─── SUPPLIED INFORMATION

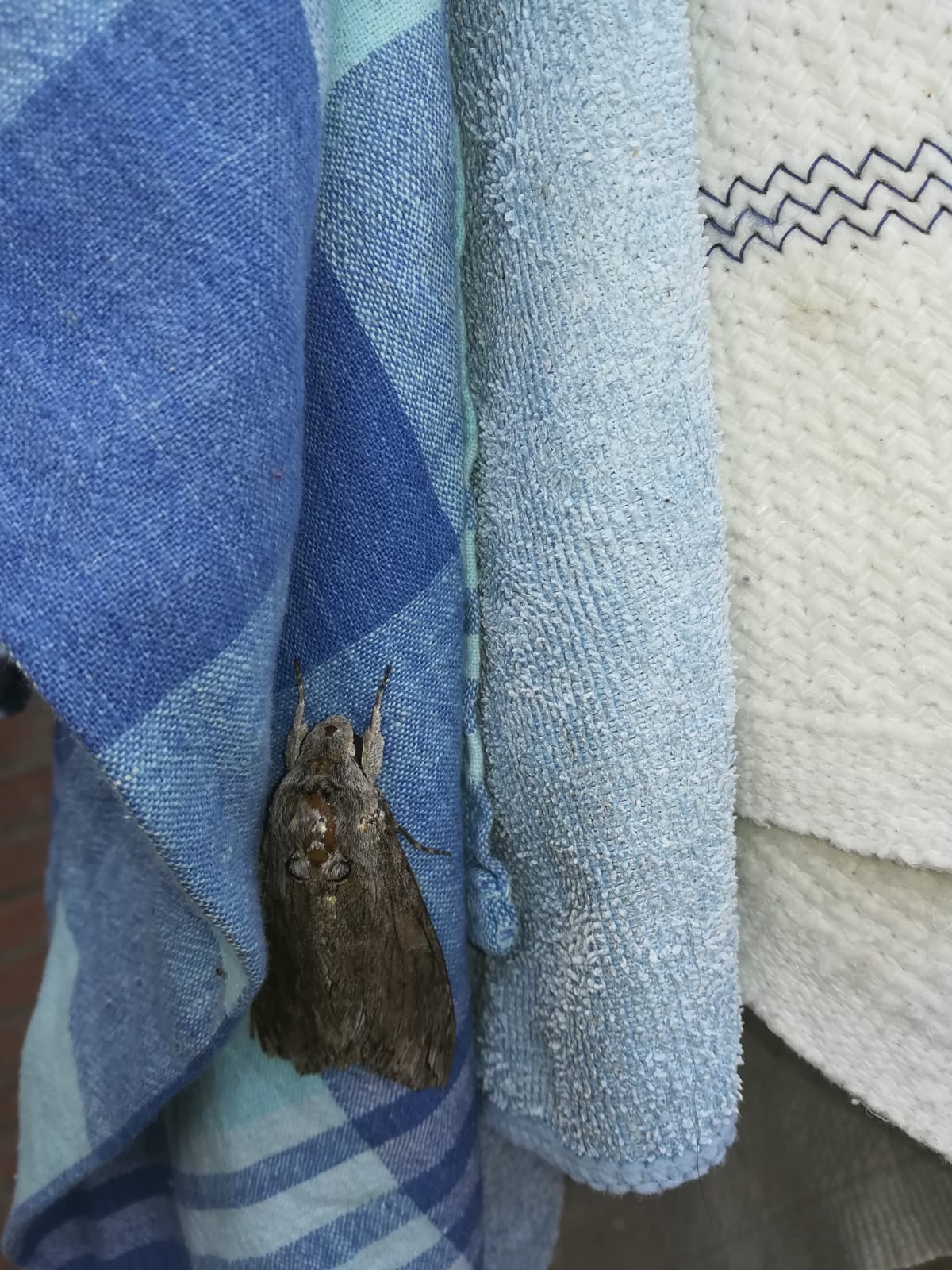 Welke soort nachtvlinder is dit?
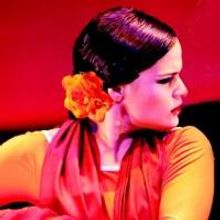 Ballet Flamenco La Rosa Presents RITMO Y PASION, 5/4
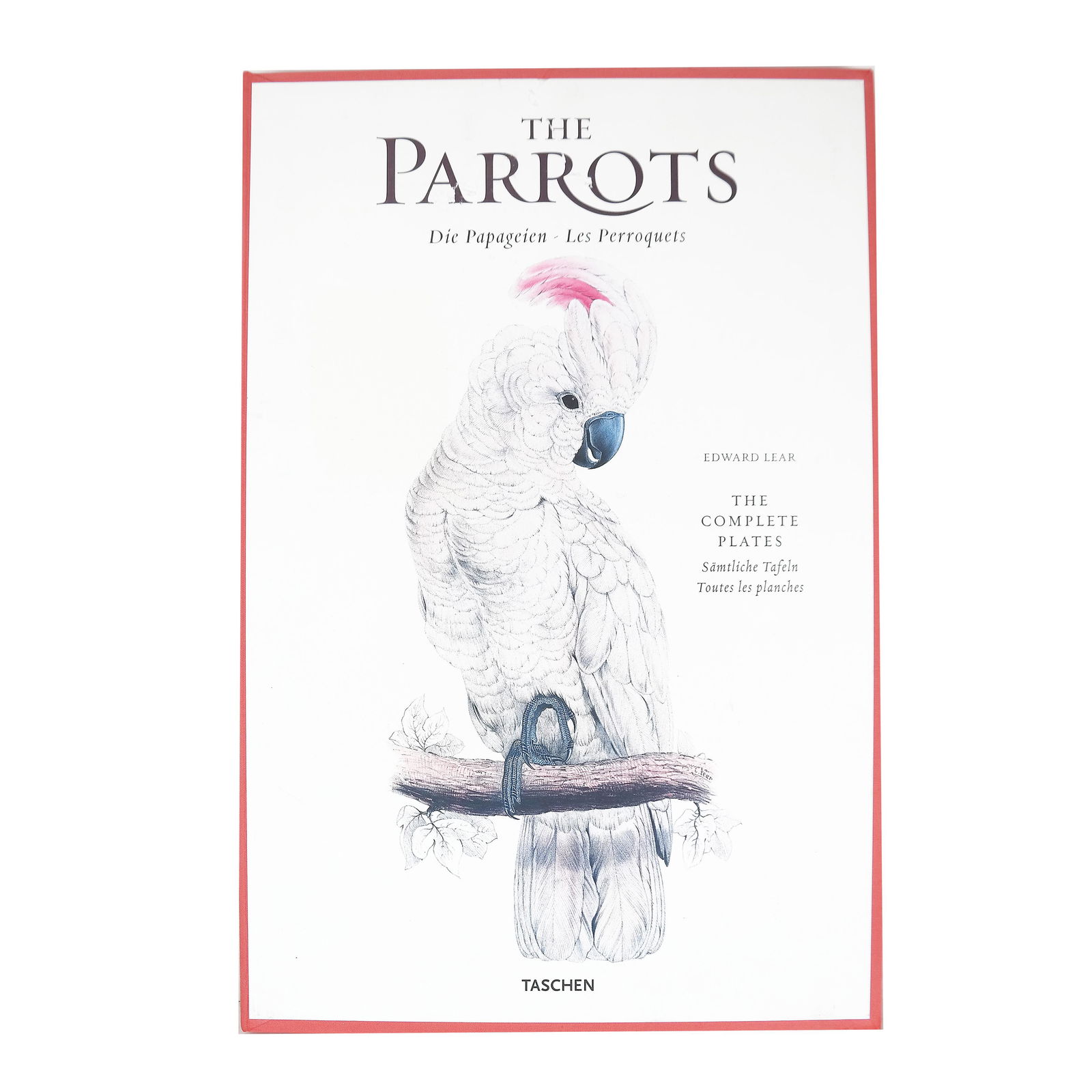 BOOK: "The Parrots" by Edward Lear - Taschen (1 of 13)
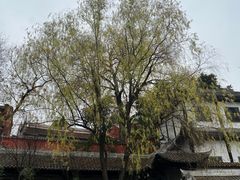 -白帝城·瞿塘峡景区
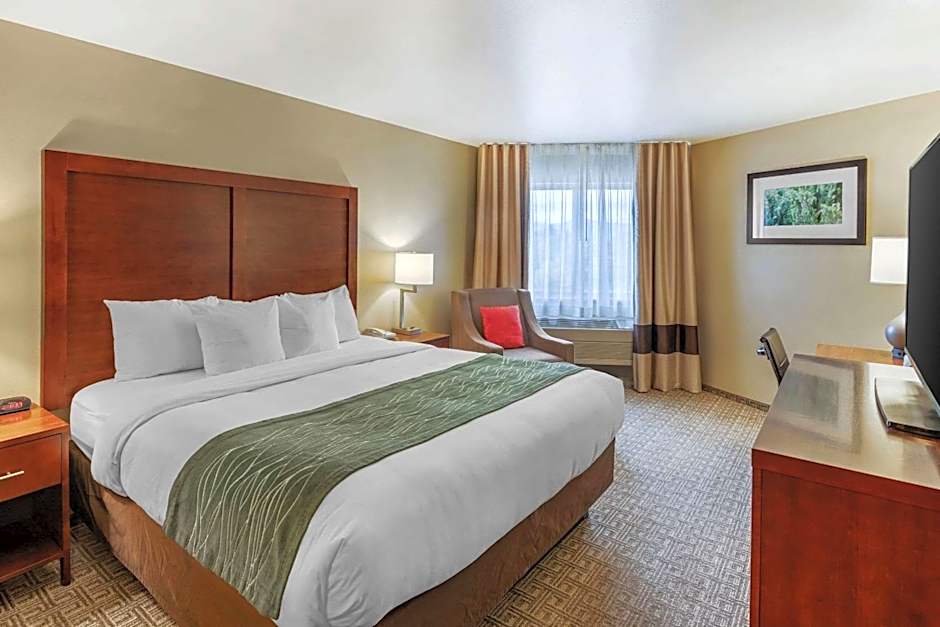 Comfort Inn Missoula near University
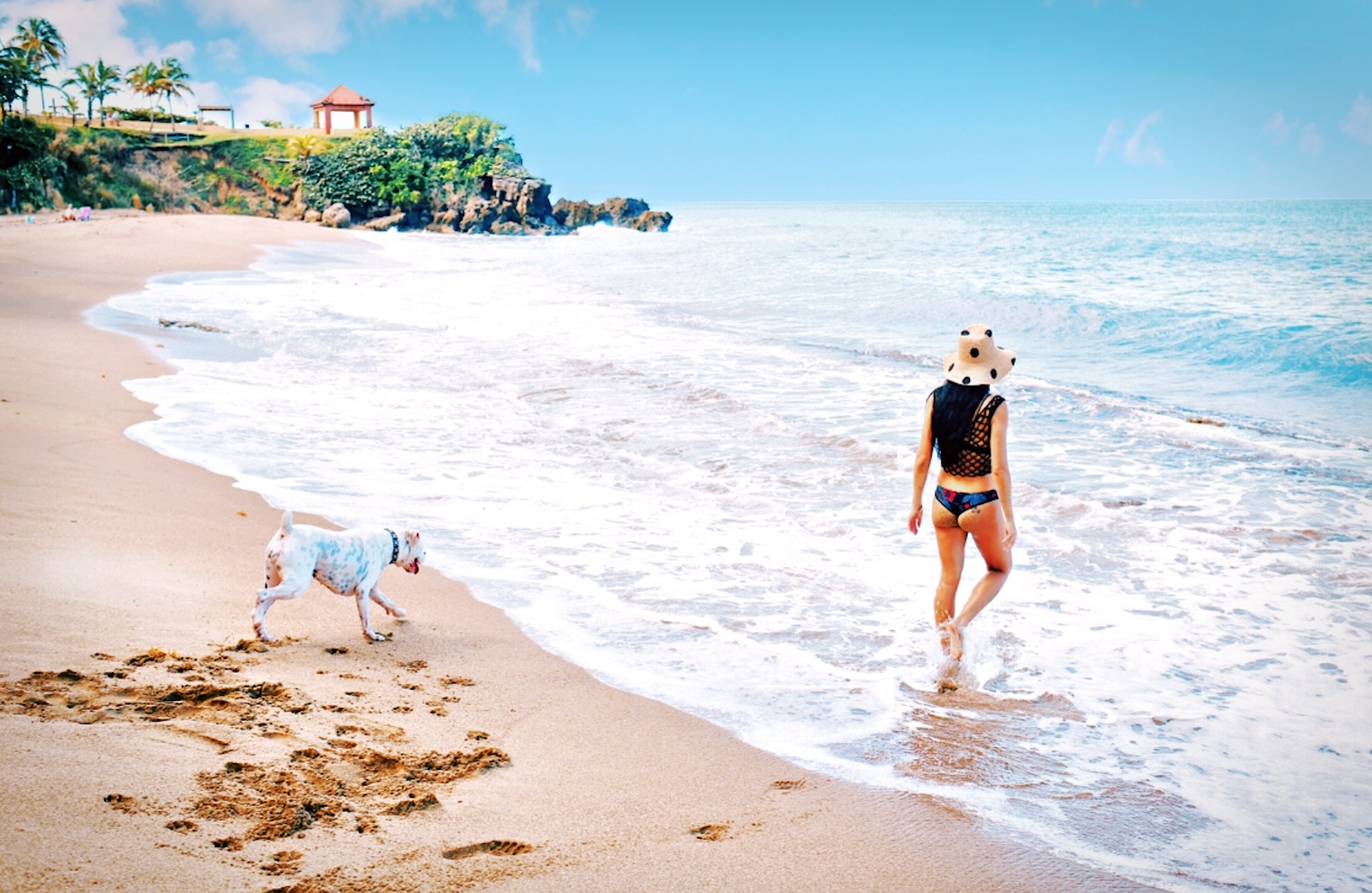 rincon puerto rico carla isabel carstens.jpg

──────

» **EXERCISE DIRECTIONS**
Please return only the lines running from the line with "Taschen (1 of 13)" to the final line of the data, both included, exactly and without any pictures.

» **ANSWER SECTION**
 BOOK: "The Parrots" by Edward Lear - Taschen (1 of 13)
 -白帝城·瞿塘峡景区
 Comfort Inn Missoula near University
 rincon puerto rico carla isabel carstens.jpg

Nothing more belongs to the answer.